• [RECORDS PROVIDED]:
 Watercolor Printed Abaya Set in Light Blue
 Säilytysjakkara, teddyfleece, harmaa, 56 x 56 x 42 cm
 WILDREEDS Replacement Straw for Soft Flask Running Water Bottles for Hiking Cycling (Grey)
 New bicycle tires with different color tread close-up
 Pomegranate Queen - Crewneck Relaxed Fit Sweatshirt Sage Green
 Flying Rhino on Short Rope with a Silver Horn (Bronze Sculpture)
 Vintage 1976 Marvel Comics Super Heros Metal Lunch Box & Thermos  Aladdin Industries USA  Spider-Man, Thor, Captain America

--

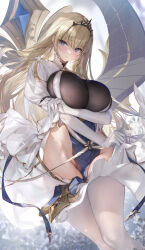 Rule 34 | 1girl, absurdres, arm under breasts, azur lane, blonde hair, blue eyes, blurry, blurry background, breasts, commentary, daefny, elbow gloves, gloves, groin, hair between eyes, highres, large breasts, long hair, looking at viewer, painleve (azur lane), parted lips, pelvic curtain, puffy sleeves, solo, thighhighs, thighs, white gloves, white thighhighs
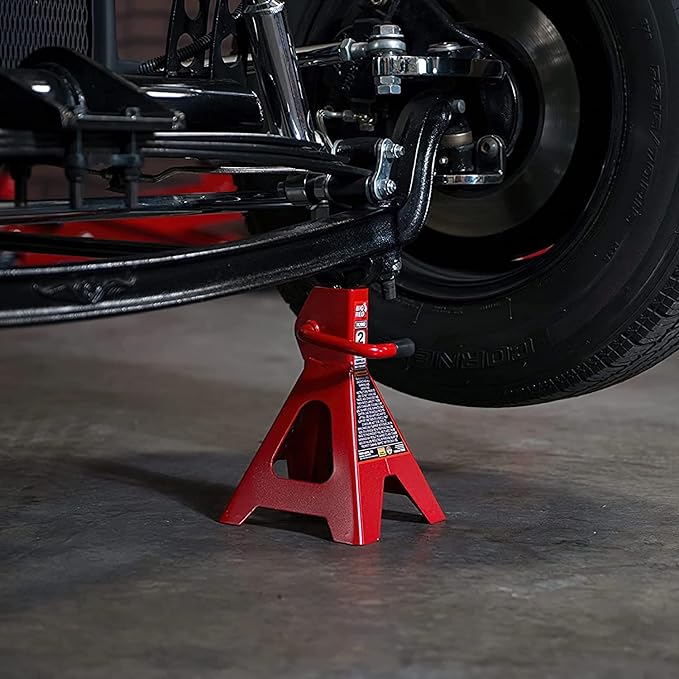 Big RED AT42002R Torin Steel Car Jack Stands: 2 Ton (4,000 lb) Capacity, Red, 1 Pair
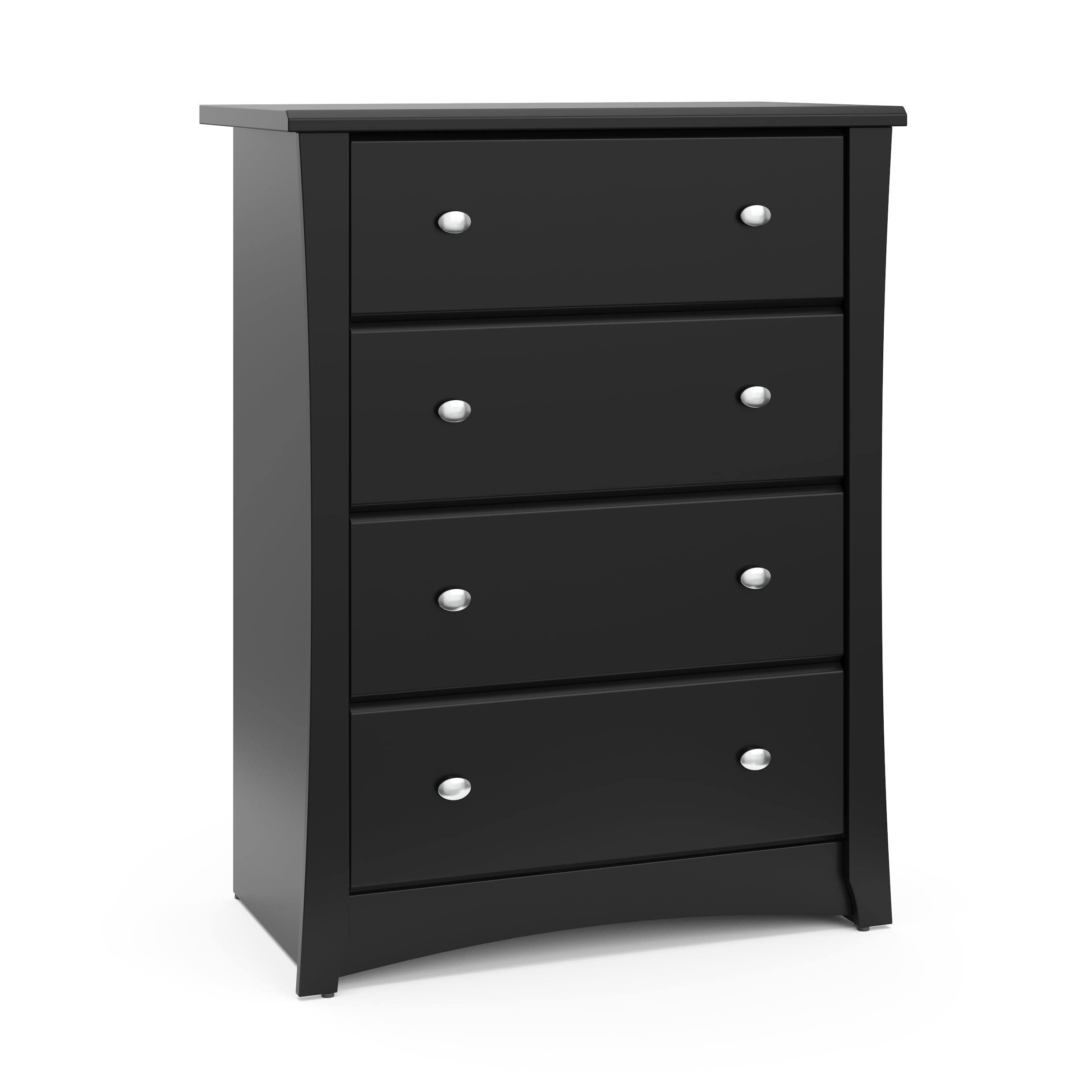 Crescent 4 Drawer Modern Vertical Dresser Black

==

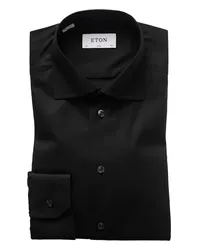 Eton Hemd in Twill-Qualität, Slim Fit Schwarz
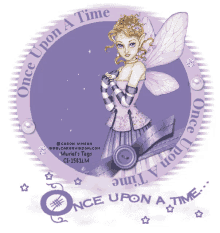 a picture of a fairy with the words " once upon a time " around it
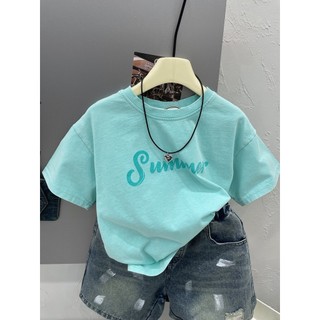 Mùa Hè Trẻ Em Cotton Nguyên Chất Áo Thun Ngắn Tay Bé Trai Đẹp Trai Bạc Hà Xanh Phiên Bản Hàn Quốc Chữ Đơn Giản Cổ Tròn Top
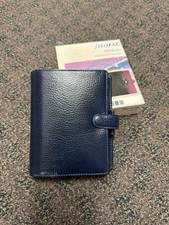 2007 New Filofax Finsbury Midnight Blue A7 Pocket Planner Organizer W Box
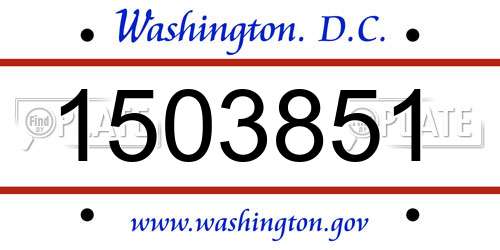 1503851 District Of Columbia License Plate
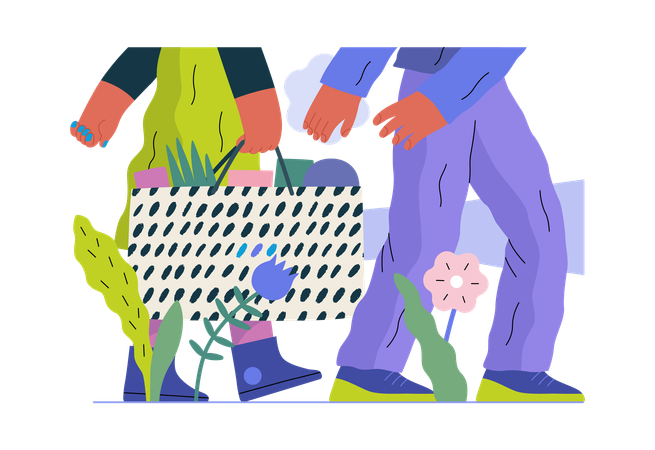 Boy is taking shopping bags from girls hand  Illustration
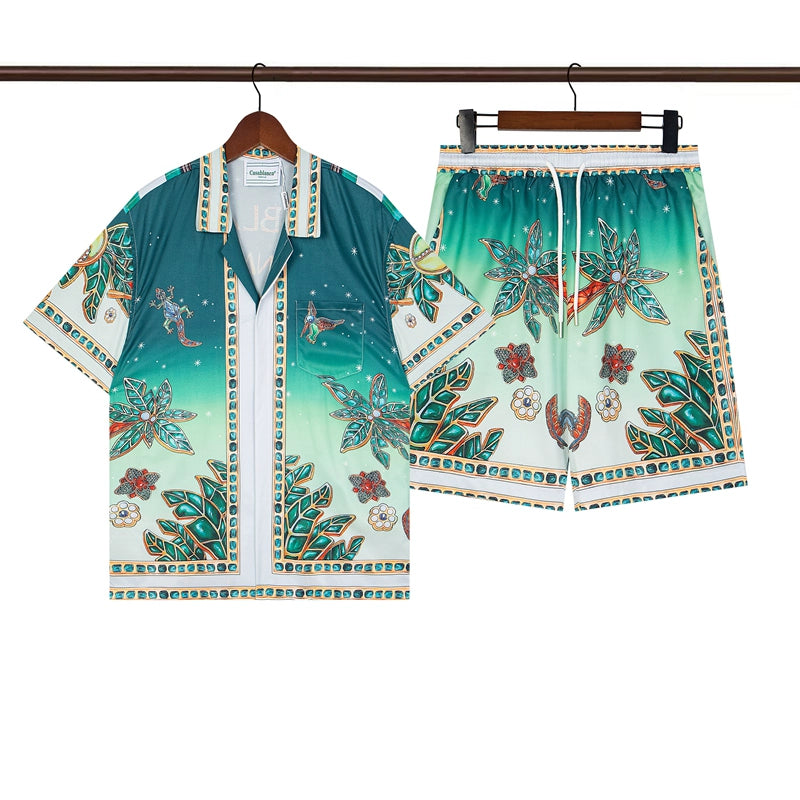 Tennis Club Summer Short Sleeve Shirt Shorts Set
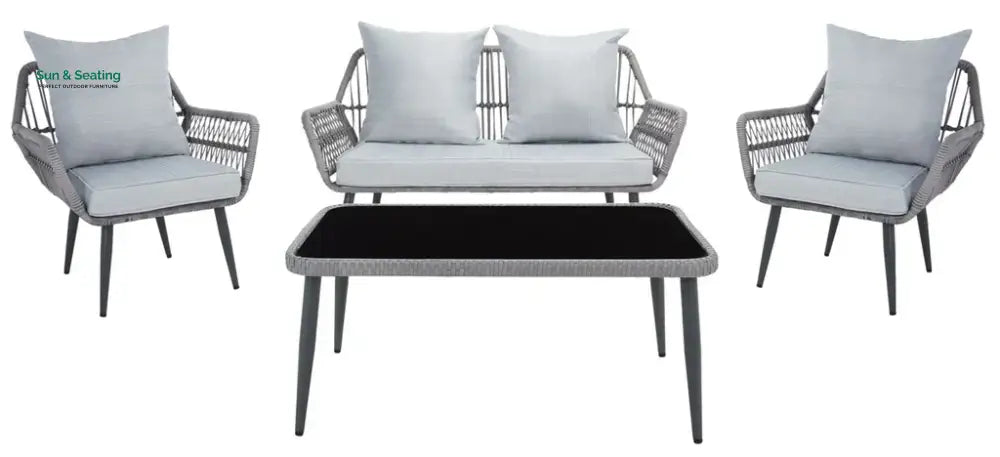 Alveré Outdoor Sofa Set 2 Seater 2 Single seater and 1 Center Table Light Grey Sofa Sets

• [WHAT THIS TASK INVOLVES]:
Copy out the range of lines above starting at the line with "Watercolor Printed Abaya Set in Light Blue" and ending at the line with "New bicycle tires", exactly and including both.

• [REPLY]:
 Watercolor Printed Abaya Set in Light Blue
 Säilytysjakkara, teddyfleece, harmaa, 56 x 56 x 42 cm
 WILDREEDS Replacement Straw for Soft Flask Running Water Bottles for Hiking Cycling (Grey)
 New bicycle tires with different color tread close-up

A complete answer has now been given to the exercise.